Commander Sreehari S, posted at INS Agrani in Coimbatore, said India last conducted an IFR in 2001 to mark 50 years of the Republic. The 2026 edition coincides with the 75th anniversary. He said the maritime domain has become central to India’s foreign policy and strategic outreach. With threats such as piracy, climate change, illegal fishing, and economic inequality growing, multilateralism has emerged as indispensable to collective security and sustainable growth. Maritime challenges transcend borders, making collaboration essential. Hence, India has positioned the Navy as a key architect of multilateral engagement, he said.
New Delhi’s efforts to strengthen regional maritime capacities include gifting platforms such as a corvette to Vietnam, fast interceptor craft to Mozambique, and commissioning a Maritime Rescue Coordination Centre in Sri Lanka. India’s reputation as a dependable partner is shaped by its Humanitarian Assistance and Disaster Relief responses across the Indo-Pacific.

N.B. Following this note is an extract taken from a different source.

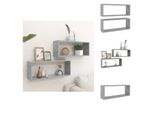 Vidaxl Mensole A Cubo 2 Pz. Grigio Cemento 60X15X23 Cm Materiale A Base Di Legno - Mensole A Muro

In October, while addressing senior military leaders of UN Troop Contributing Countries in New Delhi, Defence Minister Rajnath Singh reiterated India’s commitment to a rules-based international order and called for reforming outdated multilateral structures. Naval diplomacy, he said, remains a vital component of India’s strategic toolkit. The India-China dynamic in the Indian Ocean Region (IOR), marked by intense competition without naval confrontation, reflects the importance of calibrated maritime engagement.
Today, the Indian Navy participates in nearly 20 bilateral exercises, including SIMBEX, Varuna and CORPAT, and several multilateral engagements such as QUAD, MILAN, Malabar and Konkan. Institutions such as the Indian Ocean Naval Symposium, launched by India in 2008, have evolved into platforms for dialogue, coordination and cooperative security planning.
India’s maritime vision has expanded from SAGAR (Security and Growth for All in the Region) to the broader MAHASAGAR (Mutual and Holistic Advancement for Security Across the Region), which aims to deepen engagement not only within the IOR but also with Africa, ASEAN, Latin America and Pacific Island nations. The INS Sunayna multilateral deployment and the Africa–India AIKEYME exercise exemplify this forward-leaning approach.
The transition from being viewed as a ‘Net Security Provider’ to a ‘Preferred Security Partner’ underscores India’s evolving maritime identity. Security cooperation, capacity building, blue economy integration, climate resilience and support for a rules-based maritime order form the core pillars of this multilateral framework.
As India strives to emerge as a global maritime leader by 2047, upcoming events such as IFR 2026 in Visakhapatnam, the MILAN exercise, the IONS Chiefs Conclave, MAITRI workshops under the QUAD, and the ASEAN–India Year of Maritime Cooperation in 2026 represent significant milestones in shaping a secure, cooperative and interconnected Indo-Pacific.